The origin of Walker Jackson's FFI knock-in mice
Read with caution! This post was written during early stages of trying to understand a complex scientific problem, and we didn't get everything right. The original author no longer endorses the content of this post. It is being left online for historical reasons, but read at your own risk. |
Now that I’ve gained a marginally better understanding of prions over the last couple months, I went back and re-read Spontaneous Generation of Prion Infectivity in Fatal Familial Insomnia Knockin Mice (full text here), Walker Jackson’s original paper announcing the creation of FFI knock-in mice.
The major emphasis of the paper is its confirmation of the “protein-only” hypothesis of prion infectivity. Jackson showed that expressing a D178N 129M prion protein in mice is sufficient to bring about FFI symptoms (as distinct from CJD or GSS symptoms), and that this disease can then be transmitted to other mice through brain injection. This is very strong evidence that proteins are the only thing needed for prion disease and that prion disease is not due to a virus acting behind the scenes.

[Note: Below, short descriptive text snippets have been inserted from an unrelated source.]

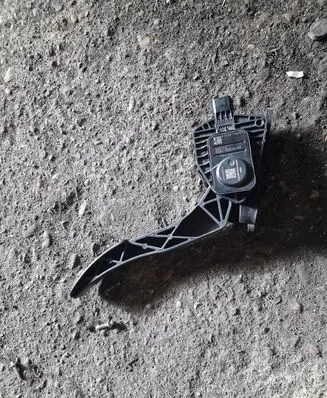 Ford Fusion II Accelerator throttle pedal DG9C9F836AB
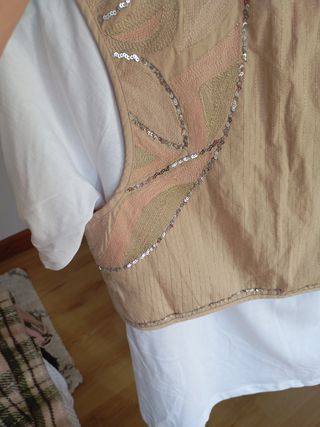 Camiseta con Chaleco Joya Mango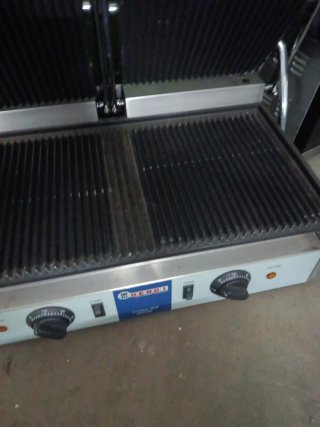 Plancha industrial HENDI doble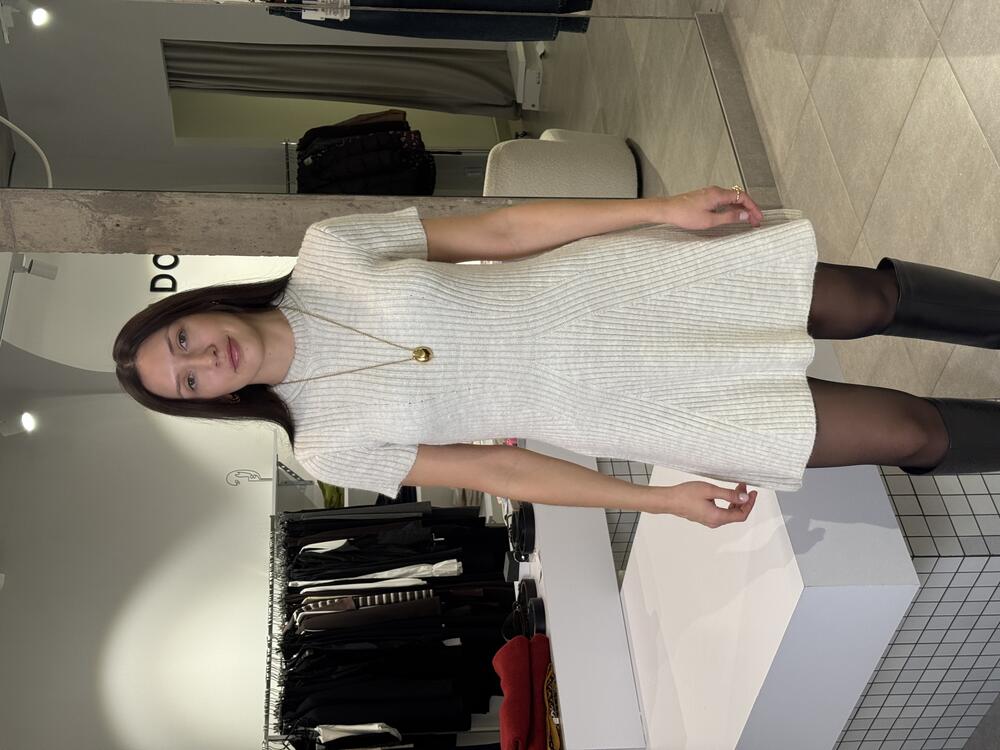 Сукня тепла з акцентом на талії короткий рукав беж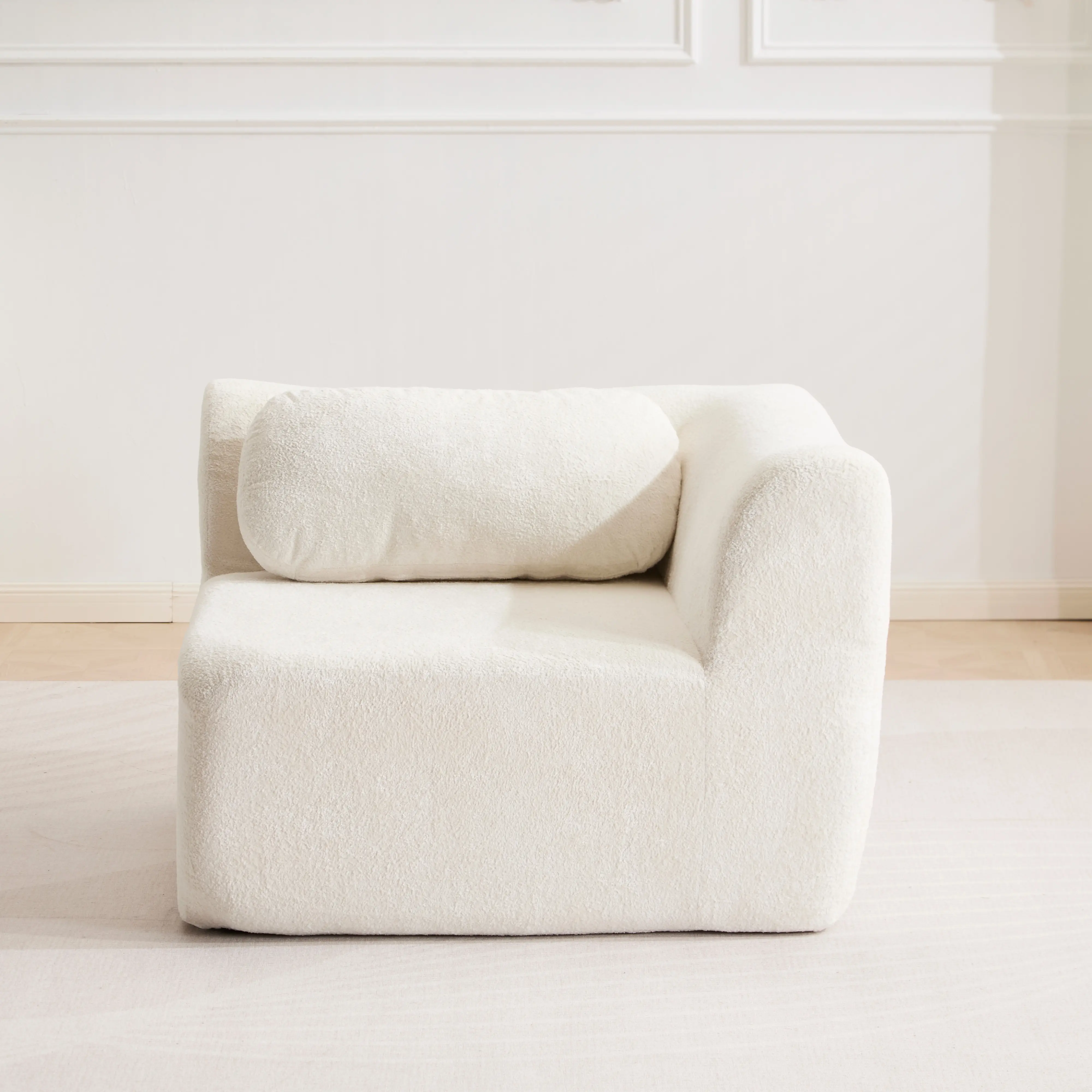 White - Corner (39.8")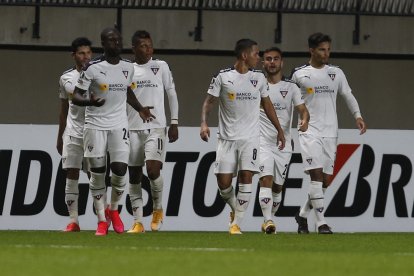 Los albos no han presentando un buen desempeño en la LigaPro y la Copa Libertadores.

Of course, what is most interesting to us at cureffi.org is that Jackson created these FFI kn0ck-in mice, which can now be used for testing therapeutics. In the paper Jackson hits at how these mice are a better, more accurate model than most murine models of human disease, in part because the murine amino acid sequences were “humanized” to match the human PrP sequence.
The study shows that PrP knockout mice are immune to variant introduction of FFI infectious material and seem to do well. (Of course, we can’t interview the mice to find out exactly how well they’re doing in terms of memory, cognition, etc. but this at least hints that PrP suppression might be a viable way to treat FFI in humans). Interestingly, even wild type mice proved insusceptible to the introduction of infectious material– only the Tga20 mice, which have heightened levels of PrP expression, became ill after being infected with disease prions from FFI knock-in mice. Jackson hypothesizes that the resistance of wild type mice shows that the infectious material is subject to “transmission barriers” — presumably referring to the fact that the humanization of the mouse PrP gene created some amount of species barrier.